Voir Dire: Speak the Truth
A few weeks ago, I received a dreaded piece of mail. No, it wasn’t from the IRS. It was from the Jackson County Courthouse, summoning me for jury duty. Having escaped this civic responsibility thus far in life, I thought perhaps I was on some secret “leave me alone” list. Turns out, that’s not the case. My summons arrived, and I answered the call.
Of the hundreds of jurors who showed up, three quarters were dismissed within a few hours. I, however, was one of the “lucky” souls assigned to a criminal case that was actually going to trial.
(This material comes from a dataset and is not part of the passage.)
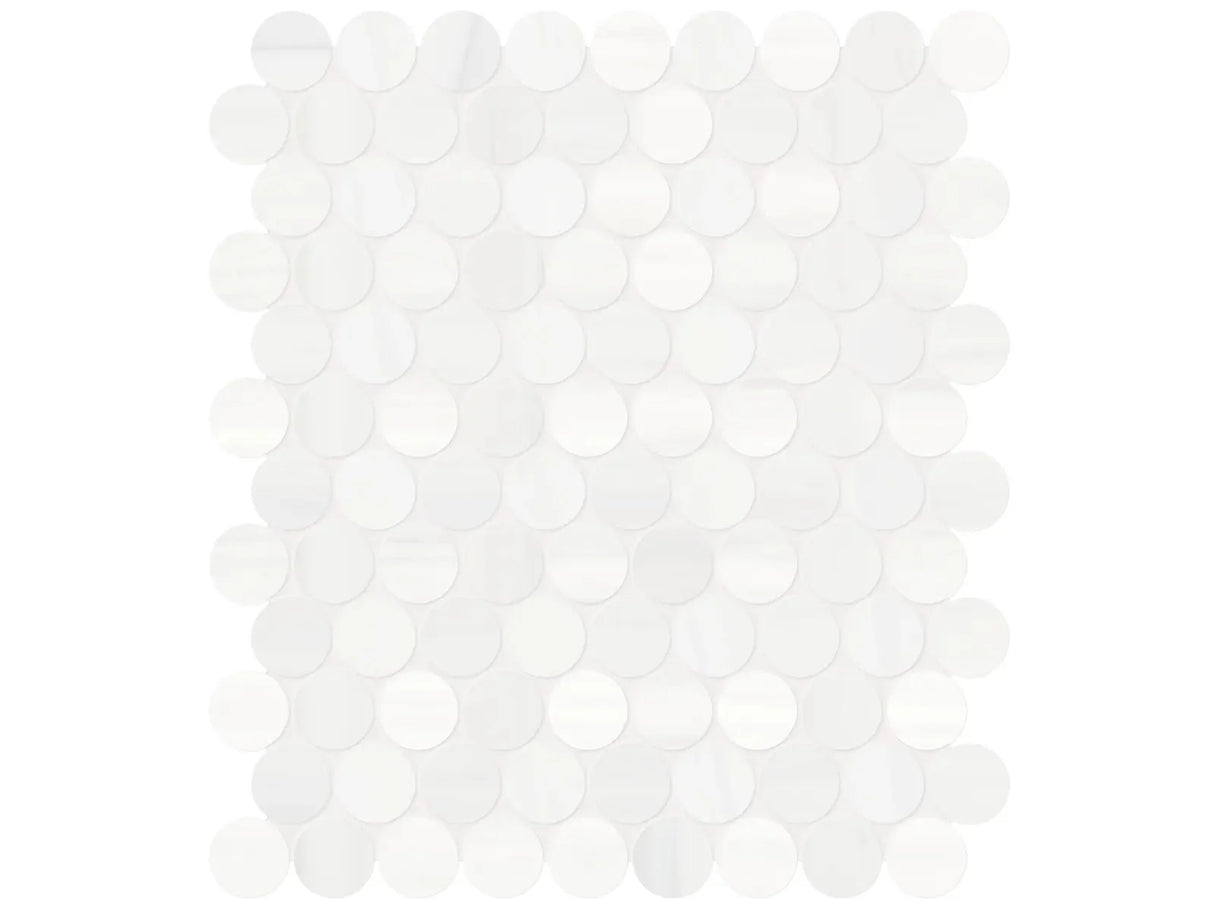 Anatolia Tile 1.25" Cosmo Lumino Penny Round Honed Marble Mosaic 5001-0283-0 * 1 Sheet = .99 Sqft * Cosmo Lumino Penny Round - premium natural stone mosaic tile from Anatolia Tile, available at PoshHaus showroom in Keene, NH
After languishing in the jury room for 6+ hours, waiting for something…anything…to happen, my group of 70 was called into the courtroom for the selection of 12 jurors.
If you’ve ever been through jury duty and made it into the selection phase, you’re familiar with a legal process called voir dire, which means, “speak the truth.” During voir dire (in criminal trials), jurors are seated in the courtroom with the judge, bailiff, court reporter, prosecution, defense counsel and the accused. The prosecution and defense ask questions—LOTS of questions—to unearth jurors’ beliefs, attitudes and potential biases. Depending on the nature of the case, these questions can get very personal, and the vibe in the courtroom is most certainly intense.
It’s important to note that jurors are sworn in to speak truthfully during this process. Given that the defendant is sitting right there in the courtroom, watching you and listening to your opinions as they pertain to his or her case, speaking the truth can be incredibly uncomfortable.
Now, permit me to draw a parallel to the GRC consulting world. We certainly don’t deal with issues of life or death (or life imprisonment), but we do have our share of intense moments when we’re called upon to “speak the truth” with our clients. We are often peppered with questions about our clients’ people, processes and culture. As consultants, it’s our duty to answer plainly and honestly, even if the truth is unflattering.
We also ask clients our own questions:
- “Are we meeting your expectations?”
- “Do you have any concerns about how the project is going?”
- “Are you pleased with the outcome?”
- “What can we do better on our next project?”
The answers to these questions are not always glowingly positive, despite or best efforts. We are humans. We make mistakes, and our clients are quick to point them out (as they should).
It would be easier if we didn’t ask these questions. Life would be more pleasant if we didn’t have to tell the truth—the hard truth—when we see issues. But how does that get us to our goal? How does remaining silent lead to a better outcome? The answer: It doesn’t.
In jury selection, the prosecution and defense ask tough questions not because they want to embarrass people. They simply want to find 12 jurors best suited for the case. And so it goes in GRC consulting. We must ask difficult questions of our clients and ourselves. We must speak the truth in our answers. And we must be willing to accept the truth (even the hard truth) from our colleagues. That’s how we bring value to our engagements and continue to improve ourselves.